Peter tells us that forgetfulness is intentional when it comes to the sinner’s ignorance of truth. They will deny this. They will claim superior knowledge. The truth is that God has revealed His nature through creation and the people who do not see it or know it have made the choice to ignore the obvious. (Read Romans 1:18-25) These are the prideful choices of sinful man to forget what is not convenient for the pursuit of personal pleasure.
But there is a proper and Godly time to be forgetful. The proper motivations for forgetfulness are given to us in Scripture. One of them stands out to me today:
- We are to forget the past, no matter how painful, and press on towards the high calling we have in Christ Jesus. (see Philippians 3:12-14)

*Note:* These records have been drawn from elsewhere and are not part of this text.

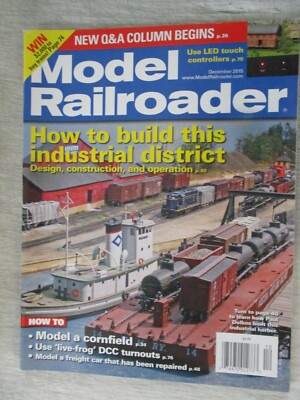 MODEL RAILROADER MAGAZINE DECEMBER 2015 HOW TO BUILD INDUSTRIAL DISTRICT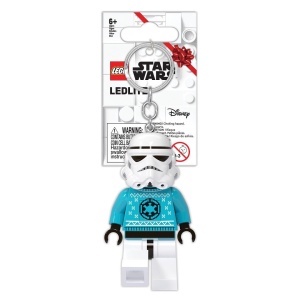 LEGO® Star Wars - Breloc cu lanterna LED, Stormtrooper Winter Edition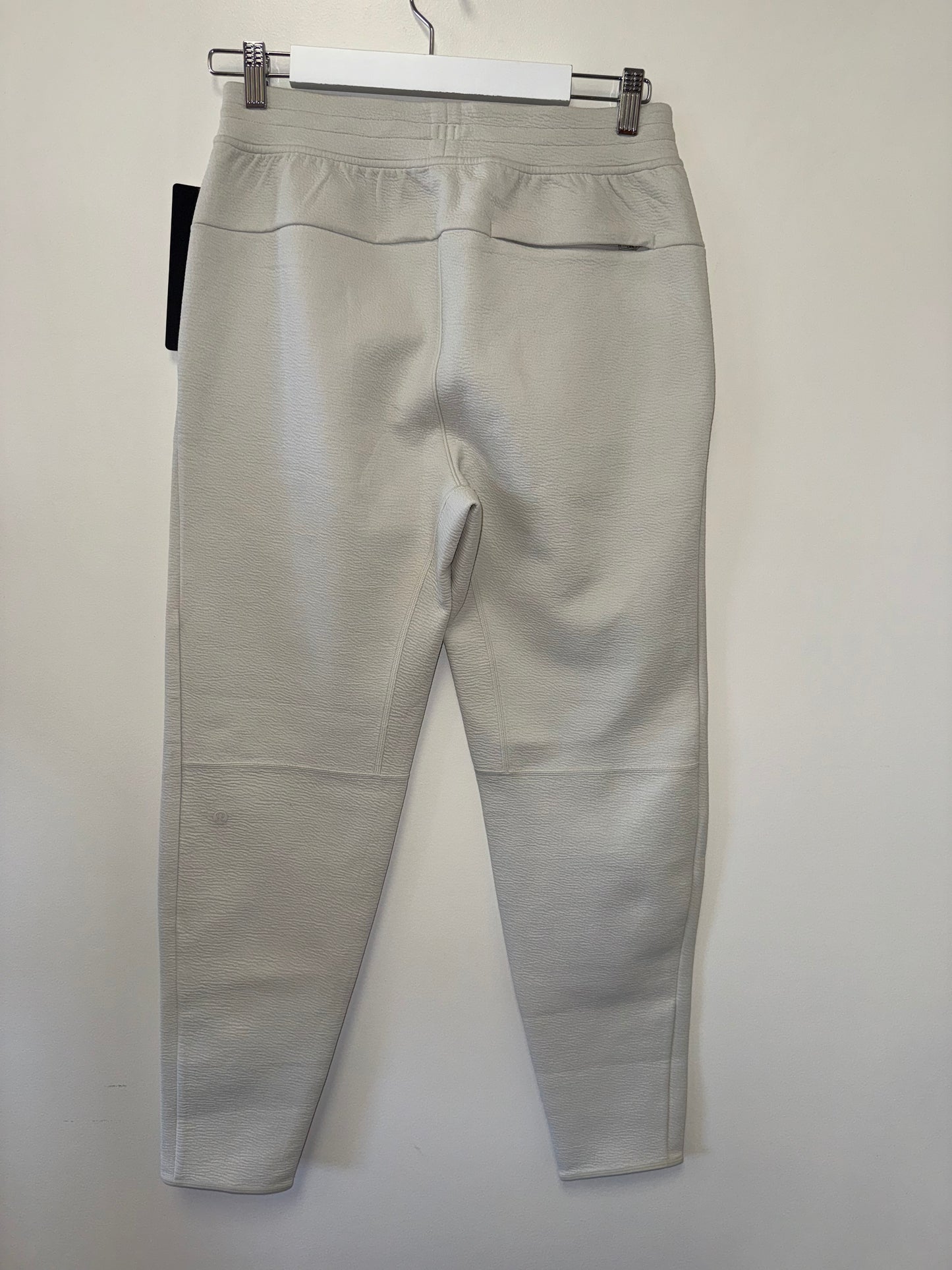 NWT Lululemon (Small) Brand New Cream Textured Spacer Classic-Tapered Joggers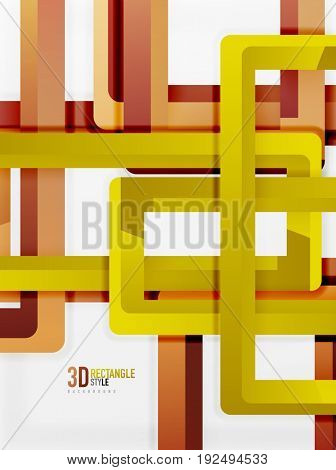 Rectangle tube elements, 3d background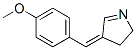 2H-Pyrrole,3,4-dihydro-4-[(4-methoxyphenyl)methylene]-,(4E)-(9CI) Structure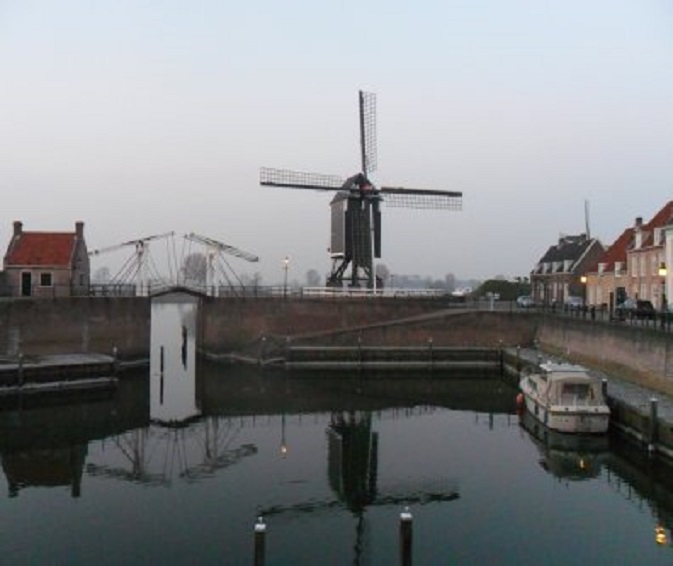 De stadshaven van Heusden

Years ago, there was a master violinist in Europe. He would play concerts, and he had a magnificent Stradivarius violin, extremely expensive. As he would play people in the crowd would whisper, “Listen to the beautiful sounds of the Stradivarius.” He would play in churches, and people would say, “Listen to the beautiful sounds of the Stradivarius.” He even played before kings and queens, and they, too, would turn to one another and say, “Listen to the beautiful sounds of the Stradivarius.” All the glory went to the instrument.
Then one day this master violinist was walking by a pawn shop. He noticed an old, beat-up, worn-out violin. He walked into the pawn shop and asked how much it would cost. The owner of the pawn shop told him the American equivalent of five dollars. He bought the violin, and he took it home. He polished it, and he refined it, and he tuned it, and he re-tuned it, and he built some character into that violin. Then, when he was to play the greatest performance of his life in a concert hall, he took out the little, five-dollar, worn-out, beat-up violin that he had polished and refined. He put it up to his chin, and he began to play, and everybody in the concert hall whispered, “Listen to the beautiful sounds of the Stradivarius.”
In the hands of the Master, your life has been revived, revitalized, and restored. You are of great worth and value. Do not think about the past. Forget it. Look ahead. As F. B. Meyer wrote,
“It is a mistake to be always turning back to recover the past. The law for Christian living is not backward, but forward; not for experiences that lie behind, but for doing the will of God, which is always ahead and beckoning us to follow. Leave the things that are behind, and reach forward to those that are before, for on each new height to which we attain, there are the appropriate joys that befit the new experience. Don’t fret because life’s joys are fled. There are more in front. Look up, press forward, the best is yet to be!”
Permission granted by God to be forgetful.